Die Reichen sind bei Weitem nicht die einzigen Wirtschaftskiller in der globalisierten Welt, doch sie tragen einen großen Beitrag zur Wirtschaftskrise, wie wir sie kennen, bei. Hollande scheiterte vor dem höchsten Gericht in Frankreich mit seinem Vorhaben und muss nun seinen Gesetzesentwurf möglichst schnell überarbeiten, da er auch unter großem Druck steht, seine Wahlversprechen endlich zu erfüllen. Nun haben aber auch andere Länder (auch Deutschland!) ein gewaltiges Problem damit, die Reichen zur Kasse zu bitten. Es gibt einfach zu viele Schlupfwinkel für Reiche, die ungewollte Geldabgabe zu vermeiden: wenn ein Land die Reichensteuer erhöht, machen sie einfach den Depardieu und ziehen in ein anderes Land um (im Übrigen taten sie dies auch schon vorher, also hat Gerard nicht wirklich Vorbildfunktion!). Die Einsicht muss in den Reichen wachsen, dass Investitionen auch auf der Basis des Risikos funktionieren müssen. Es ist wichtig, dass die Superreichen auch mal Geld verlieren (es muss ja nicht gleich alles sein!), damit das Geld wieder in die Weltwirtschaft einfließen kann, damit andre Menschen auch mal wieder eine Chance bekommen. Es wäre doch einfach mal "nett", wenn die restlichen 99% zumindest den Traum einer Chance bekämen. Wir brauchen nicht nur Utopie in unserer Existenz, sondern auch Träume, die sich mal erfüllen können.

In Deutschland wird sich nun in diesem Jahr zeigen, wohin wir mit unseren Reichen und der Arschkriecherei in Richtung selbiger weitergehen wird. Der Wahlkampf läuft bereits jetzt auf Hochtouren und ist doch schon mehr als gelaufen (allein Steinbrück hat mit seinen Äußerungen dafür gesorgt, doch das soll Thema eines anderen Beitrages sein!). Hoffnungen bleiben damit auch hier, dass sich im finanziellen Ungleichgewicht irgendwann doch mal etwas ändern wird.

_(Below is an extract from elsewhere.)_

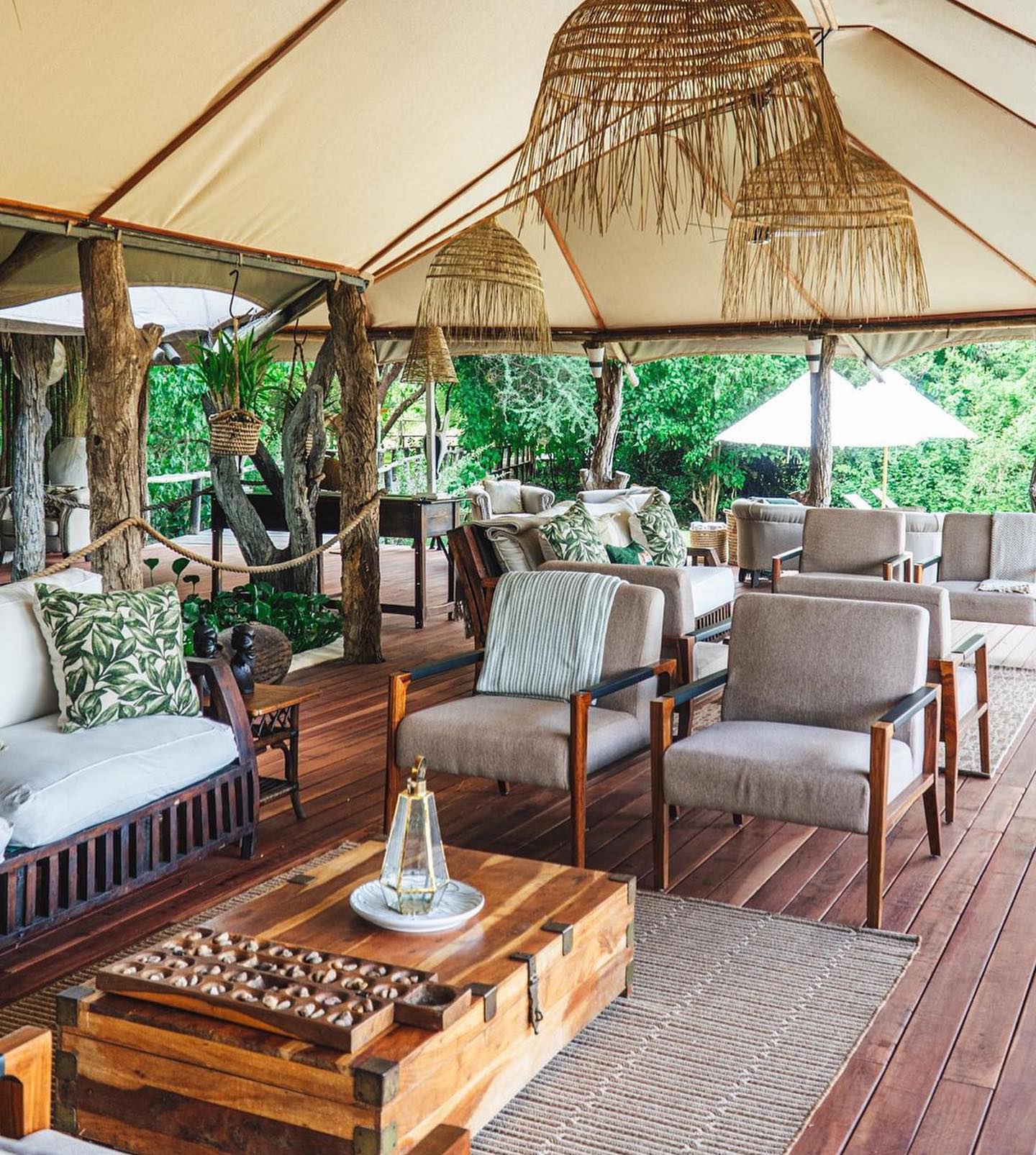 What Safari Dreams... - Ntanda Ventures - Safaris in Zambia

Man darf gespannt abwarten und Tee trinken - oder nach dem Motto leben: "Man wird ja wohl von der Veränderung noch träumen dürfen!"

Was mir bleibt, ist allen Lesern ein schönes Wochenende zu wünschen und sie bis zum nächsten Blogeintrag zu vertrösten. Die "Wirtschaftskiller/Körperfresser"-Serie geht auf jeden Fall weiter!